- WHAT IS EXPECTED
Your answer should repeat exactly the lines from the one holding "Pre-owned Forever 21" through the end of the data, and it should contain no pictures.

:: RECORDS SHOWN

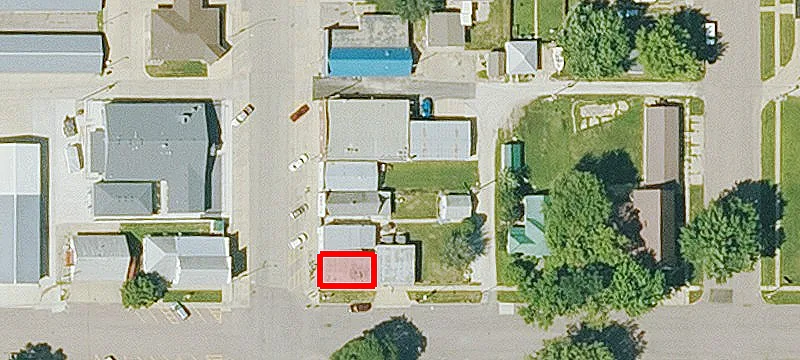 306 Cedar St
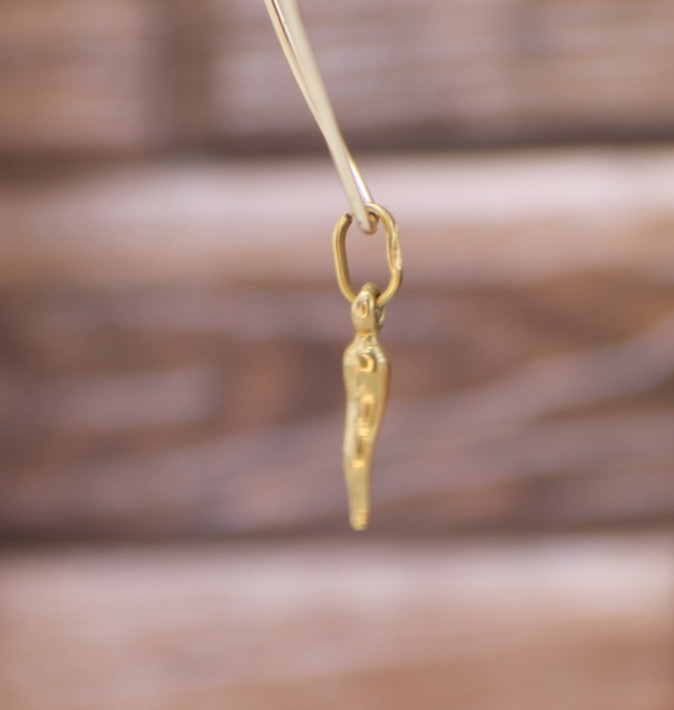 Solid 18K Yellow Gold 3D Malocchio Italian Horn Pendant Charm Travel Tiny Petite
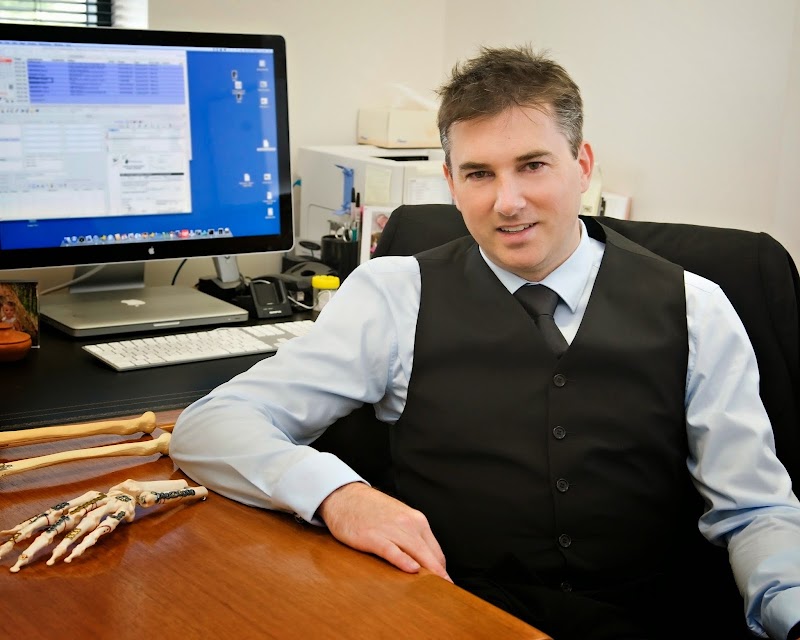 Dr Andrew Myers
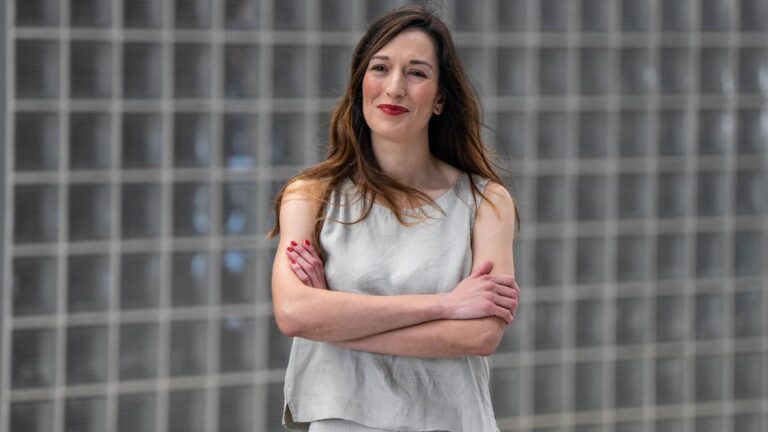Victòria Anna Perea Sánchez, la primera 'niña probeta' de España, que ahora cumple 40 años.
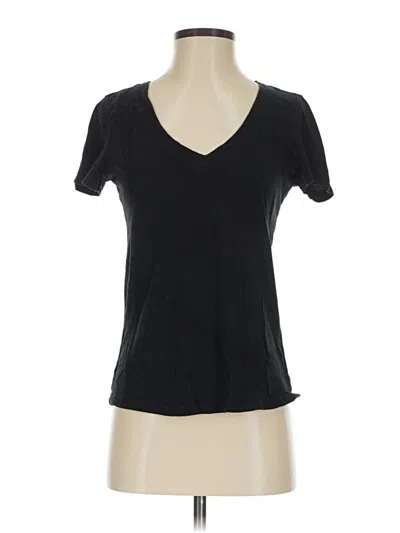 Pre-owned Forever 21 Short Sleeve T-shirt In Black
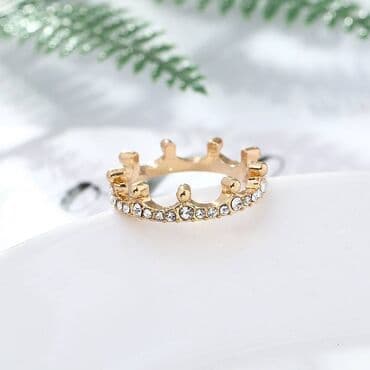 диадема ободок: Изысканное кольцо в форме короны, выполненное в благородном золотом — 5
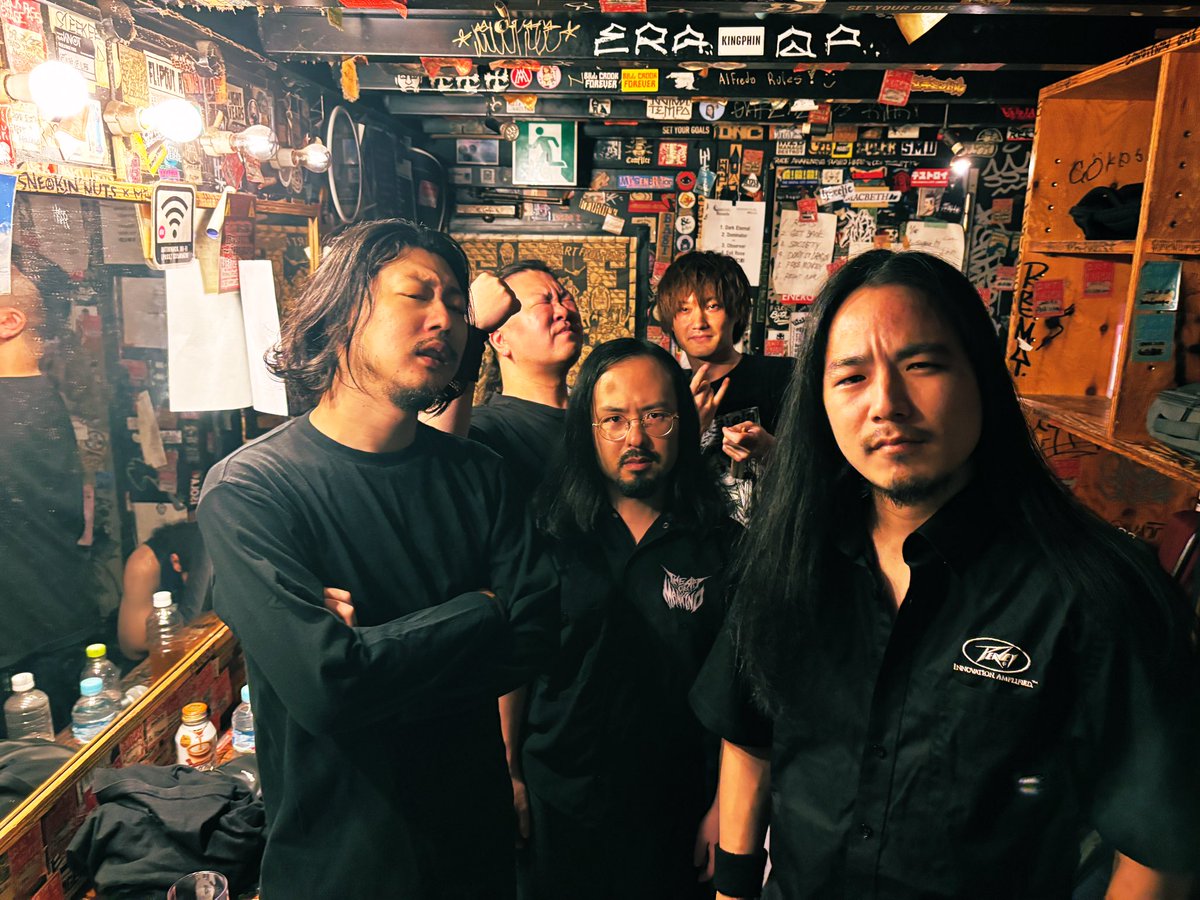 実は昨日めっちゃバンドっぽい写真撮った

::::

- FINAL ANSWER
 Pre-owned Forever 21 Short Sleeve T-shirt In Black
 диадема ободок: Изысканное кольцо в форме короны, выполненное в благородном золотом — 5
 実は昨日めっちゃバンドっぽい写真撮った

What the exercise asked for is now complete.